The different PEEPi conditions were then established by creating a combination of I:E ratios (by modifying inspiratory time and respiratory rate) and tidal volumes (by modifying inspiratory pressures). We used different inspiratory times from 30 to 80% (usually in 10% incremental steps), a respiratory rate from 20 to 30 bpm (in 5 bpm steps), and inspiratory pressures from 20 to 25 cmH2O, resulting in tidal volumes of 150 to 400 mL. To create the increasing levels of PEEPi, we used the inspiratory times as the reference combining the increasing values with different rates and inspiratory pressures. A minimum level of end-expiratory pressure of 2 cmH2O was maintained during all measurements. PEEPi levels were not randomized, and therefore, we introduced washout periods between each level to make conditions as independent as possible from each other.
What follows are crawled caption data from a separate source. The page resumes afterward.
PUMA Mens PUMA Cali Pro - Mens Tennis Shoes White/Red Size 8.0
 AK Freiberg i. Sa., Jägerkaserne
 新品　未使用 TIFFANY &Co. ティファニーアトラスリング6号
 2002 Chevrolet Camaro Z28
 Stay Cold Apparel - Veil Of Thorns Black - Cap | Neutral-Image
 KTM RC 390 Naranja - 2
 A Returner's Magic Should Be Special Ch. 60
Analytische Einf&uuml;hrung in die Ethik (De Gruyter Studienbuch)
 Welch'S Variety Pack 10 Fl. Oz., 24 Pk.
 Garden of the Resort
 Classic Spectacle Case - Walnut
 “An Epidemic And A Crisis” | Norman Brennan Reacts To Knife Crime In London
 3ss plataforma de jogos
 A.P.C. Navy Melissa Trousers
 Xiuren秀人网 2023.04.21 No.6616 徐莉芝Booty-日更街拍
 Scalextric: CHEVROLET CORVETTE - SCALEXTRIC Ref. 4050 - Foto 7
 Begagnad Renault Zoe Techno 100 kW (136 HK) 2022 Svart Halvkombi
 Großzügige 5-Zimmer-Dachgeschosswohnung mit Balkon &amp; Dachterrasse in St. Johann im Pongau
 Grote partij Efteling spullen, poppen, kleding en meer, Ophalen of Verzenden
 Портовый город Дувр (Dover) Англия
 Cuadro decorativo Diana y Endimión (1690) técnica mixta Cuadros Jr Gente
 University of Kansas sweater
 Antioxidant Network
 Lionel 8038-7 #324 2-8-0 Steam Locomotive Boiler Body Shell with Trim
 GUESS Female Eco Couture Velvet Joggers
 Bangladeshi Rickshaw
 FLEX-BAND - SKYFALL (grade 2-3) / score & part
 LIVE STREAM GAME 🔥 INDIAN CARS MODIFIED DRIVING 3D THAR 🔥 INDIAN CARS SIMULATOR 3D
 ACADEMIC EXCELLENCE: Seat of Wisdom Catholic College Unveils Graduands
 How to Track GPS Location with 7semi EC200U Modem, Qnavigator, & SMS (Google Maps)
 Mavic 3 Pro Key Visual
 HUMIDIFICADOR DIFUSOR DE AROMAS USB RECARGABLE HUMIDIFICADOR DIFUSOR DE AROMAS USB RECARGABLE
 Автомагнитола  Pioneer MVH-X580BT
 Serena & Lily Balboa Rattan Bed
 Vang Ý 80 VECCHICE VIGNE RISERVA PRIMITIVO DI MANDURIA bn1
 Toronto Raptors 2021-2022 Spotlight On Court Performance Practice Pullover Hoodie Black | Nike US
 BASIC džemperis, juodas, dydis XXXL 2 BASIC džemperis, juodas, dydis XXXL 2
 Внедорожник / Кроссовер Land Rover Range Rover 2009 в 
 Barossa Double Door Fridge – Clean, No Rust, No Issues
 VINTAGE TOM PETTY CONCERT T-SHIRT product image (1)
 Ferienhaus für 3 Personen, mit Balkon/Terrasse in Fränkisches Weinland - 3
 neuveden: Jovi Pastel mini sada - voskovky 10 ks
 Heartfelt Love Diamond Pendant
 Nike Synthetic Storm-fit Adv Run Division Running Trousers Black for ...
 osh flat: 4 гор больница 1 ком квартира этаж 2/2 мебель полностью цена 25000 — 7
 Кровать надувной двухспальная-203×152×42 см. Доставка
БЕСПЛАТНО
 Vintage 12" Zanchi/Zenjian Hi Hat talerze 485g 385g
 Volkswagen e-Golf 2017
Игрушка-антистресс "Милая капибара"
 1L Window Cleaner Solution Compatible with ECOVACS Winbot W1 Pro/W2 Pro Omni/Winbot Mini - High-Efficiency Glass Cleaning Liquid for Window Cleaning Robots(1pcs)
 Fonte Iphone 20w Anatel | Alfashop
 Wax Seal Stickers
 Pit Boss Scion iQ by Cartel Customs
Washout periods consisted of reconnection to a Servo-i ventilator followed by 5–10 min of conventional ventilation using PEEP 2 cmH2O, respiratory rate of 20, I:E 1:2, and a FIO2 of 0.4. As the animals were healthy without parenchymal or airway disease, we considered this time enough for the lung to recover its baseline end-expiratory lung volume and alveolar end-expiratory pressure. This time has also been used in previous studies analyzing the respiratory system mechanics in pigs .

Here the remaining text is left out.